BLACK FRIDAY BLITZ on now! Save 10% on $100, 15% on $150, 20% on $200


Marie had just spent a relaxing three weeks at her family’s cottage in Harrison Hot Springs, BC, so she didn’t understand why just a few days after returning home she felt so drained. She thought she caught the flu from a co-worker because she felt a bit headache-y and had muscle aches. After another few days of feeling unwell, and having a slight fever, she went to her doctor. She didn’t want to give the virus to her young son.
After she told her family physician where she’d been vacationing, he asked, “Did you get any odd bug bites?” Marie couldn’t remember anything out of the ordinary; she was susceptible to mosquito bites. When her doctor mentioned Lyme disease, an inflammatory infection that spreads to humans through ticks, she said she often checks her son for ticks while at the cottage, but had never noticed one on herself.
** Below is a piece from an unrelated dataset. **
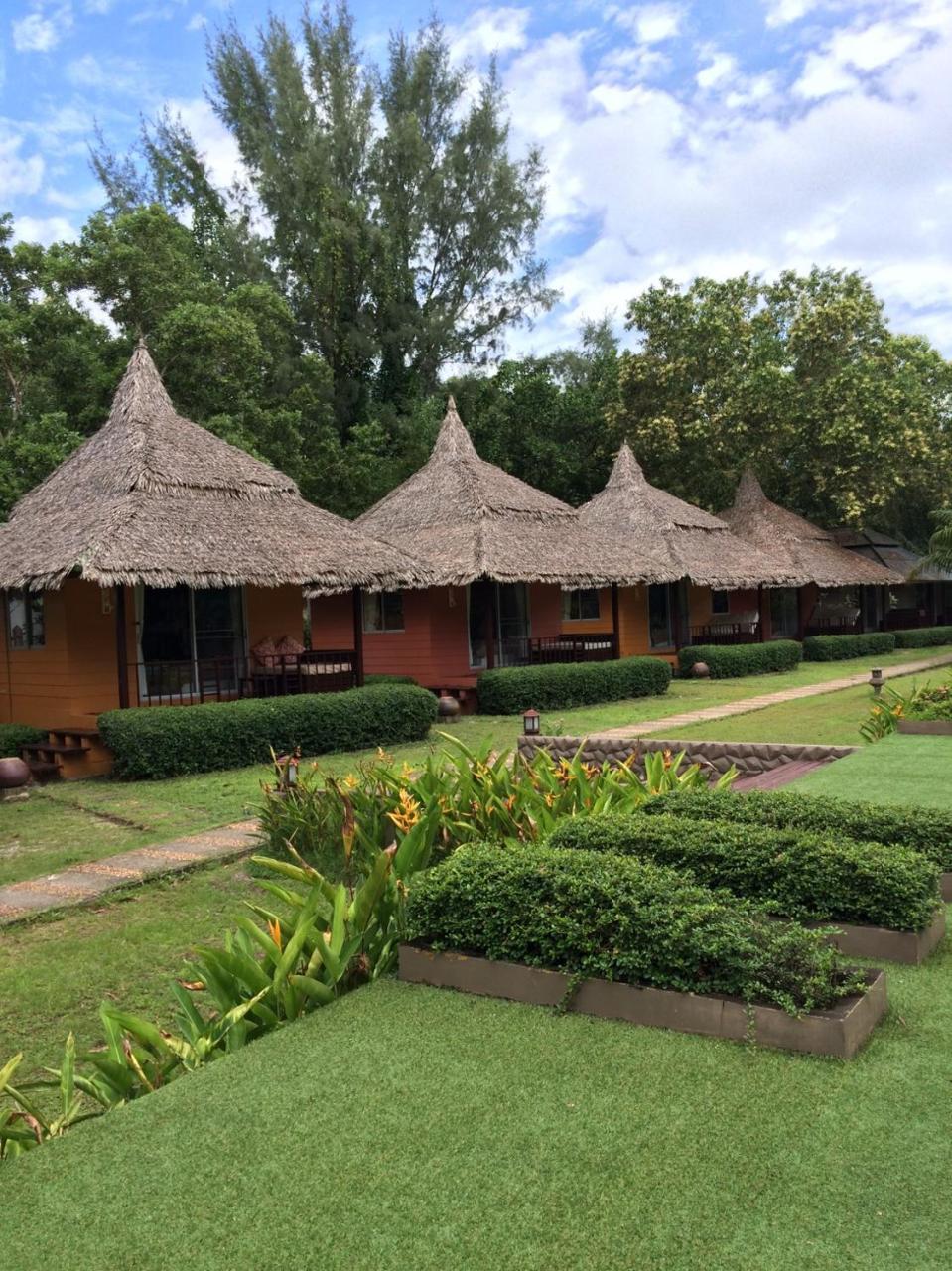 Phayam Cottage Resort Koh Phayam Exterior photo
He told her to get a diagnosis for the disease, just in case.
Marie’s blood sample came back positive. She had Lyme disease.
She panicked. How long ago had she been bitten? Researching it on the internet, Marie saw the list of symptoms included headache, fever and muscle aches. She learned that Lyme disease is most treatable in the first stage, within days after getting bitten, but she had no idea how long it had been. Two weeks later, although she was taking the prescribed Macrolide antibiotics, she felt even more fatigue and headaches.
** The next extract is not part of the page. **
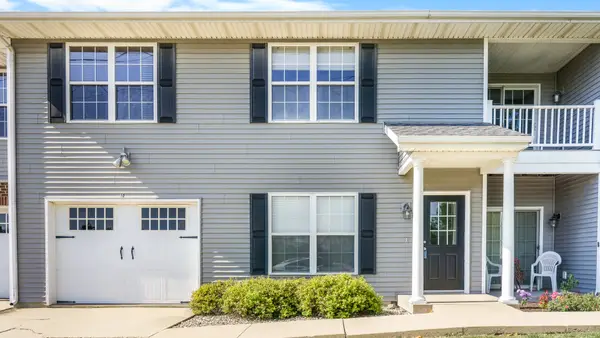 102 Essex, Unit #9 Lane, Savoy, IL 61874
Marie calmed herself after hearing that there are many strains of the bacteria that cause Lyme disease, and some are more poisonous than others. She made the decision to trust that she had a less virulent type, and that it would heal without causing worse symptoms (if it spreads to other areas of the body) or become chronic. After two more weeks had passed, she had finished the first round of antibiotics and was prescribed a second round. She got time off work to take care of herself, and also started using natural antibacterial oils. She read, for example, that vetiver essential oil had been studied to be effective to stop the spread of Lyme disease in the body.
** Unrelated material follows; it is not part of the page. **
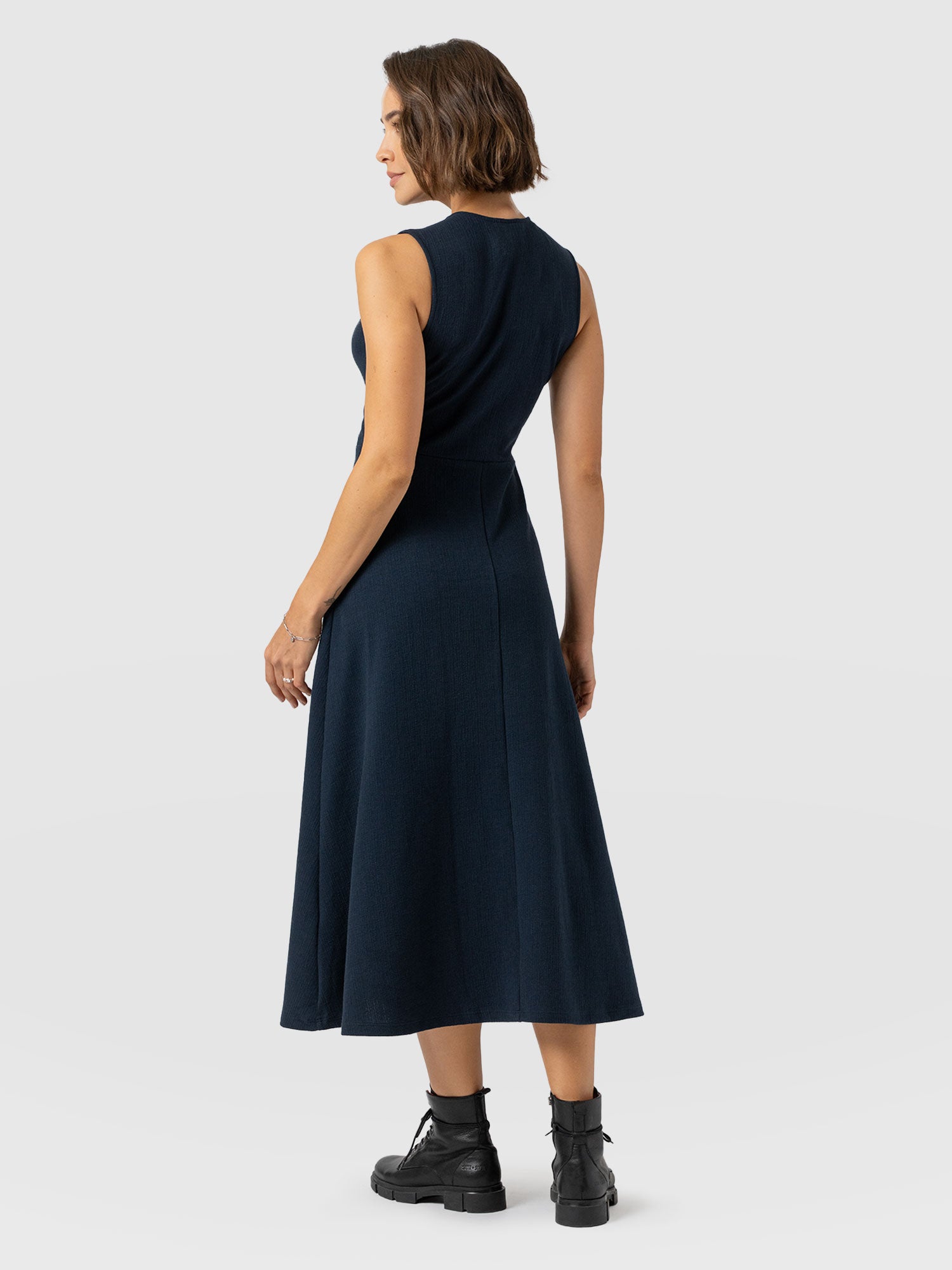 Sleeveless Maggie Wrap Dress - Navy Textured - Women's Dresses | Saint + Sofia® EU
It took another few weeks for Marie to feel completely back to her healthy, energetic self again, but she knew she had caught it in time. Two years later, no symptoms have returned. However, while at the cottage, she now definitely takes steps to avoid another bite!
Tick & Lyme Tips
  • Lyme disease has become far more common in BC.
  • It is caused by borrelia bacteria that ticks get after biting infected mice, squirrels and deer, and then passing it to humans.
  • Marie had probably been bitten by a “black-legged” ixodes tick (also called a deer tick), the most common Lyme-carrier.
  • Prepare & educate: When walking in the woods or grassy meadow, cover your legs, head and arms and use insect repellent. Afterward, check yourself for ticks and bites — educate yourself to know what you’re looking for.
  • Lyme disease can remain dormant for weeks, months or even years if the tick bite is not noticed so be sure to catch it early. 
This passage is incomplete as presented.